» **What is expected**
Please copy, character for character, each line from the beginning of the listing to the line containing "Herfst in Liefde", including both.
Segment Open
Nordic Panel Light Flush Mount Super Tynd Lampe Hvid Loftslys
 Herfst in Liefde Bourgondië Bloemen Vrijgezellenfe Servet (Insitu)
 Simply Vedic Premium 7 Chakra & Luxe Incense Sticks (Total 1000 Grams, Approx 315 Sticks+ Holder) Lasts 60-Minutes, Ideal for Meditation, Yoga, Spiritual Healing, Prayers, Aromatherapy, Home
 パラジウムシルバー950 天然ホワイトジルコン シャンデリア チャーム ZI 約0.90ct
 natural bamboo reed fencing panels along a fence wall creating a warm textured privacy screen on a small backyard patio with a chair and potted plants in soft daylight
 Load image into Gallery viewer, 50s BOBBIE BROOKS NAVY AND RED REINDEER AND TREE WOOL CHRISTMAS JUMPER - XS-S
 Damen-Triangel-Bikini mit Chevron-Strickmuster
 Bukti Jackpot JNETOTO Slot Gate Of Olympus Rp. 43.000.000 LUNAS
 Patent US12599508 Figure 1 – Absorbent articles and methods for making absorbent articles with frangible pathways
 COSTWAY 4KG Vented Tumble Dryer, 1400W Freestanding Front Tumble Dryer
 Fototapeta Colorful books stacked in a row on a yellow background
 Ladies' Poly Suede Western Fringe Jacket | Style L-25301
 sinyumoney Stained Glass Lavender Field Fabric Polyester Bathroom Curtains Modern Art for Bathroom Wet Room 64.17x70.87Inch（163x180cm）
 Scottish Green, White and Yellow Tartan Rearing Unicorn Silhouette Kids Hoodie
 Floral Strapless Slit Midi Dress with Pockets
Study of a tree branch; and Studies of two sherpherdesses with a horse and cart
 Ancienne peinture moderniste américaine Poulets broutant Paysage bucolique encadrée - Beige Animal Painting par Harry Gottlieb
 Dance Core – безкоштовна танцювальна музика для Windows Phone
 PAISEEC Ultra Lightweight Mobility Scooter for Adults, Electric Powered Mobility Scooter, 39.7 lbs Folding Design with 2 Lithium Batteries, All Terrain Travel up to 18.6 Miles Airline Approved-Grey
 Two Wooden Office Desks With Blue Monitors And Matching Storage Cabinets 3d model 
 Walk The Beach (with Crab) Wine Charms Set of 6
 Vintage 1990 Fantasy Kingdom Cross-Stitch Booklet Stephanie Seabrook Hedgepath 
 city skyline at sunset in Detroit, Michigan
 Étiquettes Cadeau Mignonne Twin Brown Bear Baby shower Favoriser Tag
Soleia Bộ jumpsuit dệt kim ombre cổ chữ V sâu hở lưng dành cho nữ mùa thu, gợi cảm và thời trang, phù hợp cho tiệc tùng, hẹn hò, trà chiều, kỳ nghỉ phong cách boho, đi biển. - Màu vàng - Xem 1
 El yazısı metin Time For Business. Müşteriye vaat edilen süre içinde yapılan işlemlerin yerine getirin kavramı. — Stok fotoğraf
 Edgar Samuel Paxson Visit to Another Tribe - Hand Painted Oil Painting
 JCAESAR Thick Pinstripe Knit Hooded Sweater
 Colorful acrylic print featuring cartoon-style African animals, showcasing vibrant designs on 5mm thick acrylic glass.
Segment Closed
» **Result of this exercise**
Nordic Panel Light Flush Mount Super Tynd Lampe Hvid Loftslys
 Herfst in Liefde Bourgondië Bloemen Vrijgezellenfe Servet (Insitu)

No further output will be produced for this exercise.